What the task requires:
Shown below is a listing with pictures; reproduce exactly, and only, the lines between the ones containing "There are actually" and "Now if you ever", inclusive, leaving the pictures out.

Material provided:

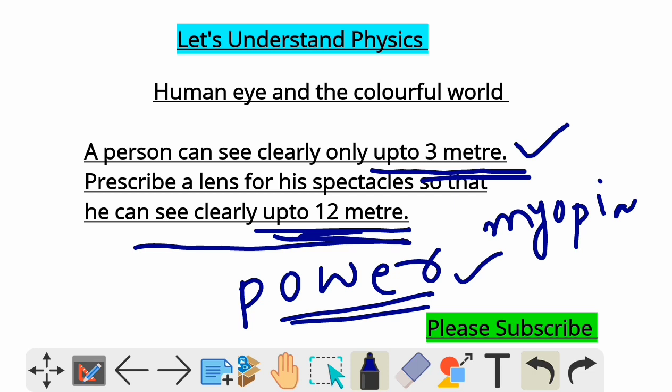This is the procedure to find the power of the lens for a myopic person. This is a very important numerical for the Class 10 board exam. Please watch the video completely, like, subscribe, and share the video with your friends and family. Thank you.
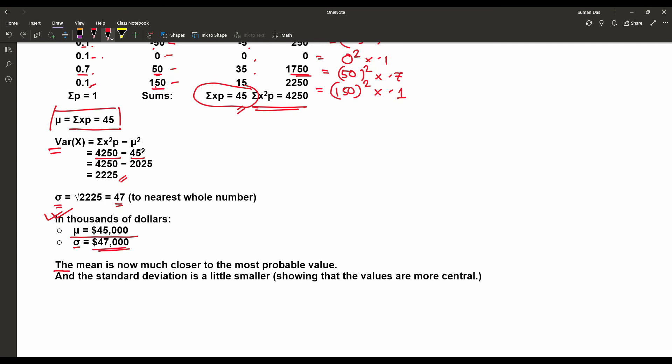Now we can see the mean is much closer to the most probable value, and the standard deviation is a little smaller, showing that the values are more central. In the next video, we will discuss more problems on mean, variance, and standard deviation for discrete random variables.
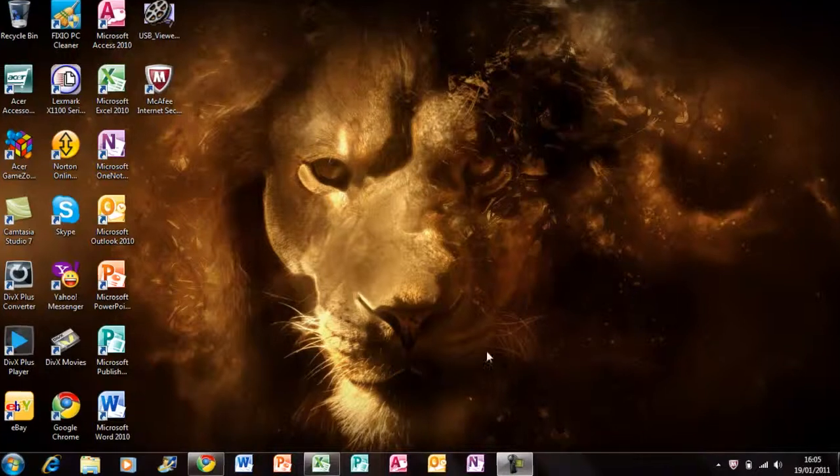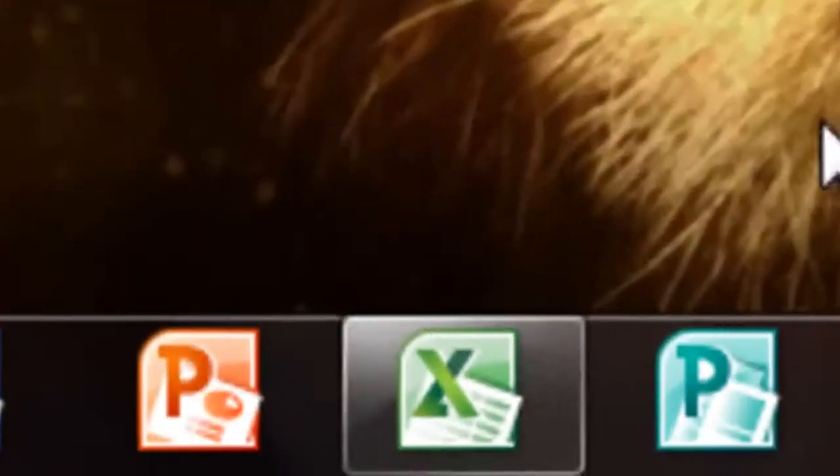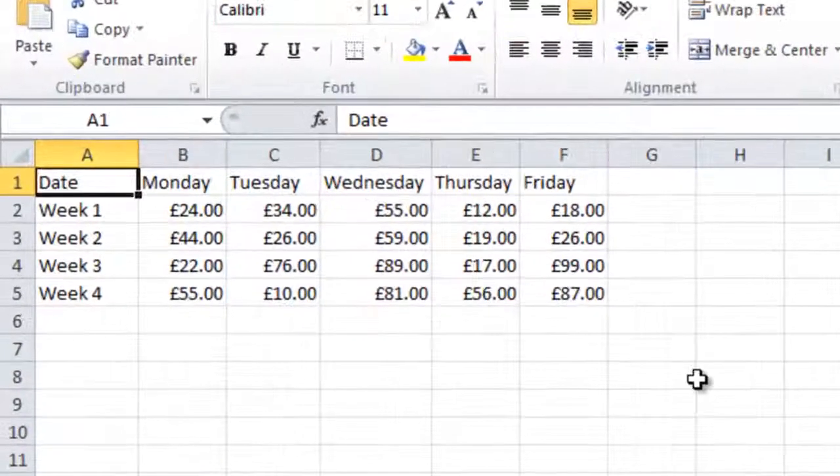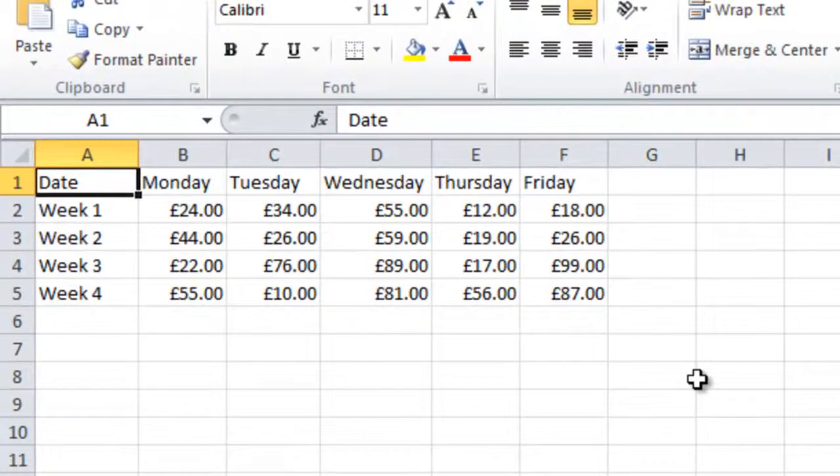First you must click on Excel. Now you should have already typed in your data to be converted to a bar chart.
...
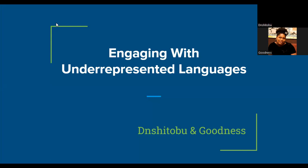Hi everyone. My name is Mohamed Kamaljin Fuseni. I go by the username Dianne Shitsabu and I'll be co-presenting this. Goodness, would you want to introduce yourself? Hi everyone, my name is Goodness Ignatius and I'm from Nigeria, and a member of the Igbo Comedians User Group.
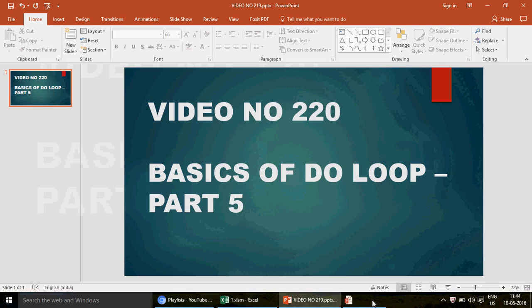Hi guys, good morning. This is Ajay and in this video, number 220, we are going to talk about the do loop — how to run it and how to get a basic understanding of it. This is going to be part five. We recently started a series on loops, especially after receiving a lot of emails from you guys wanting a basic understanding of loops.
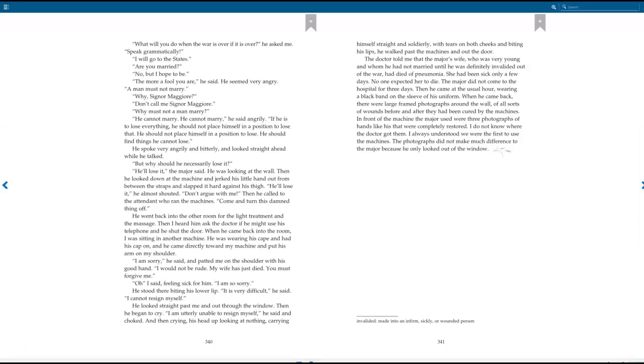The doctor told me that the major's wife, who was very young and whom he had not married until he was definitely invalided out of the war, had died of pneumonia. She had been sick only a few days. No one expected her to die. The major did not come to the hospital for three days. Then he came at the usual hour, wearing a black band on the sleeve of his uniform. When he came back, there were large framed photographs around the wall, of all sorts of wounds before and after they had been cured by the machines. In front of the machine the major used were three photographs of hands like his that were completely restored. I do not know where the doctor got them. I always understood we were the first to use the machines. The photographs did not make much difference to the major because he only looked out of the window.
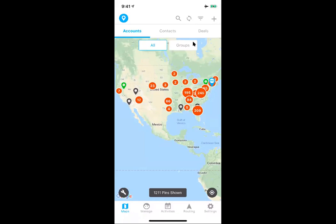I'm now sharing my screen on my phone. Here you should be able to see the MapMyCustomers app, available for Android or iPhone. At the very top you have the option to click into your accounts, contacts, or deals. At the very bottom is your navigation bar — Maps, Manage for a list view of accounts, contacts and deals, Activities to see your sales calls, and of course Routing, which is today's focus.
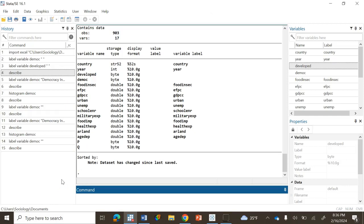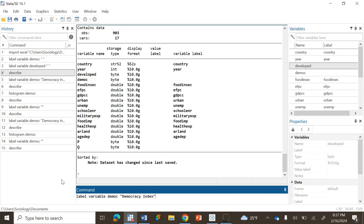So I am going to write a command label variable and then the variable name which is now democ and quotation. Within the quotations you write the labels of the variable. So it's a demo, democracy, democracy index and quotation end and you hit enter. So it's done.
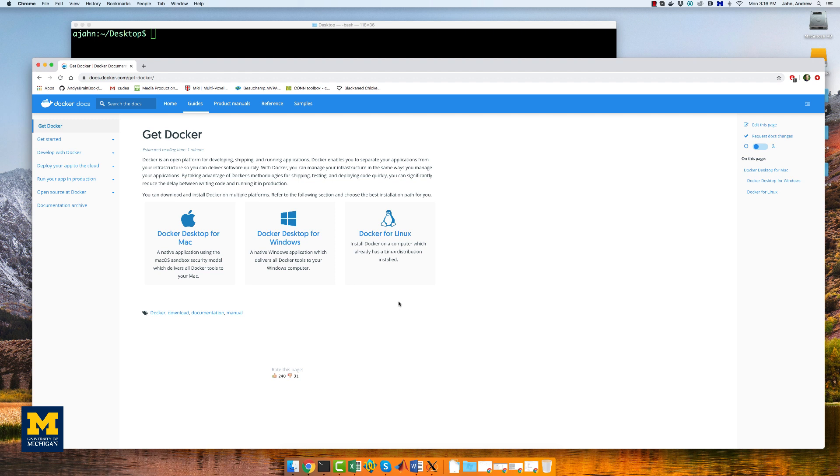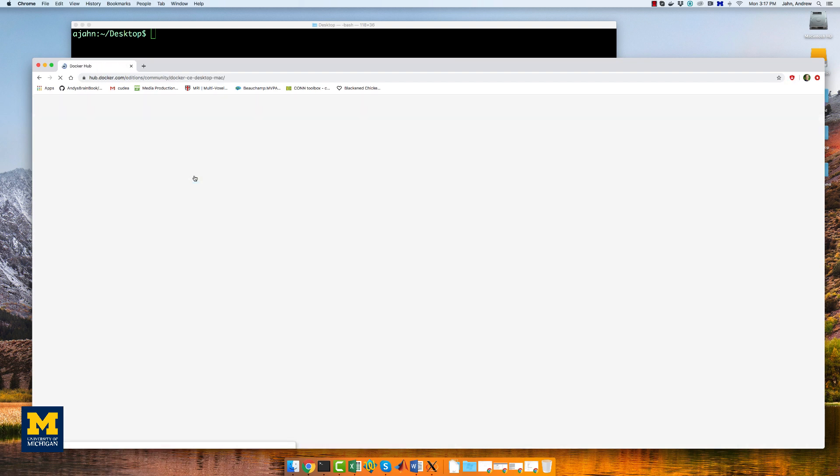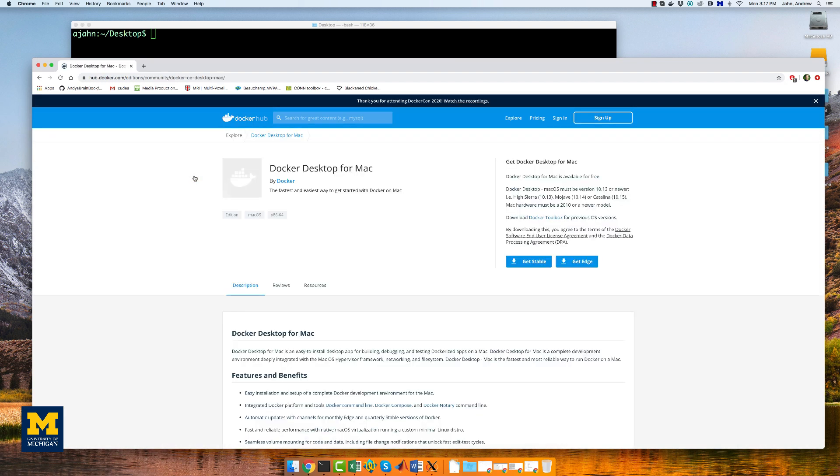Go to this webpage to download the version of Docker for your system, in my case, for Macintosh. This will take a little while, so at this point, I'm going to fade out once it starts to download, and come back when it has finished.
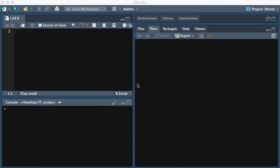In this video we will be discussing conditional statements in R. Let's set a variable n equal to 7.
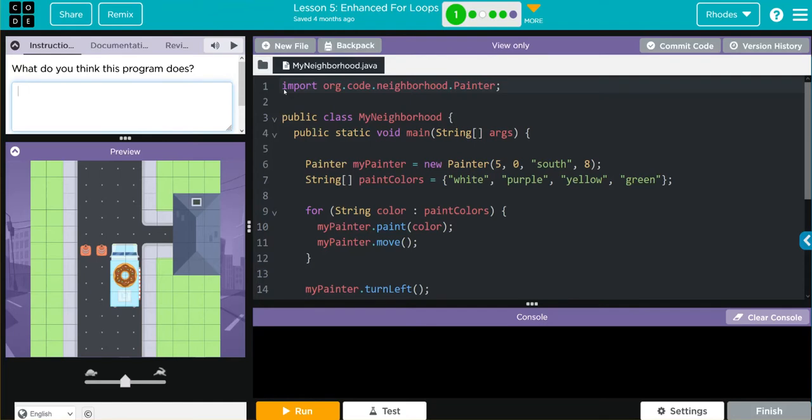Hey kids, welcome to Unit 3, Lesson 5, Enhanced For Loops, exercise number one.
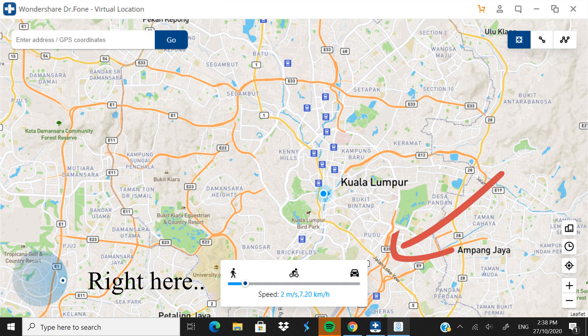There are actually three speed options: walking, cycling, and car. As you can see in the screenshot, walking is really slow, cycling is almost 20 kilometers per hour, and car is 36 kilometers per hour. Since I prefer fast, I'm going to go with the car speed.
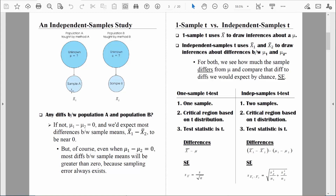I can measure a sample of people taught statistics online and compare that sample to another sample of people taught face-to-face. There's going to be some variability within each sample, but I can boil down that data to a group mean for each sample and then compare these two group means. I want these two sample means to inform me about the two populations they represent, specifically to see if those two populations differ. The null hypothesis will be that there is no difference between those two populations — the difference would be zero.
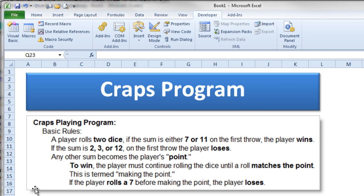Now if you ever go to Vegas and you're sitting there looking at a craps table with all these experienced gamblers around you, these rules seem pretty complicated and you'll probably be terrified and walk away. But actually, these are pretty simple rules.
==
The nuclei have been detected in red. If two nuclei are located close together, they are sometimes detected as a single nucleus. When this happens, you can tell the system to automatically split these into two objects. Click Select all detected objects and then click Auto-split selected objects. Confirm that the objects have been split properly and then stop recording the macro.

Solution for this task:
There are actually three speed options: walking, cycling, and car. As you can see in the screenshot, walking is really slow, cycling is almost 20 kilometers per hour, and car is 36 kilometers per hour. Since I prefer fast, I'm going to go with the car speed.
I can measure a sample of people taught statistics online and compare that sample to another sample of people taught face-to-face. There's going to be some variability within each sample, but I can boil down that data to a group mean for each sample and then compare these two group means. I want these two sample means to inform me about the two populations they represent, specifically to see if those two populations differ. The null hypothesis will be that there is no difference between those two populations — the difference would be zero.
Now if you ever go to Vegas and you're sitting there looking at a craps table with all these experienced gamblers around you, these rules seem pretty complicated and you'll probably be terrified and walk away. But actually, these are pretty simple rules.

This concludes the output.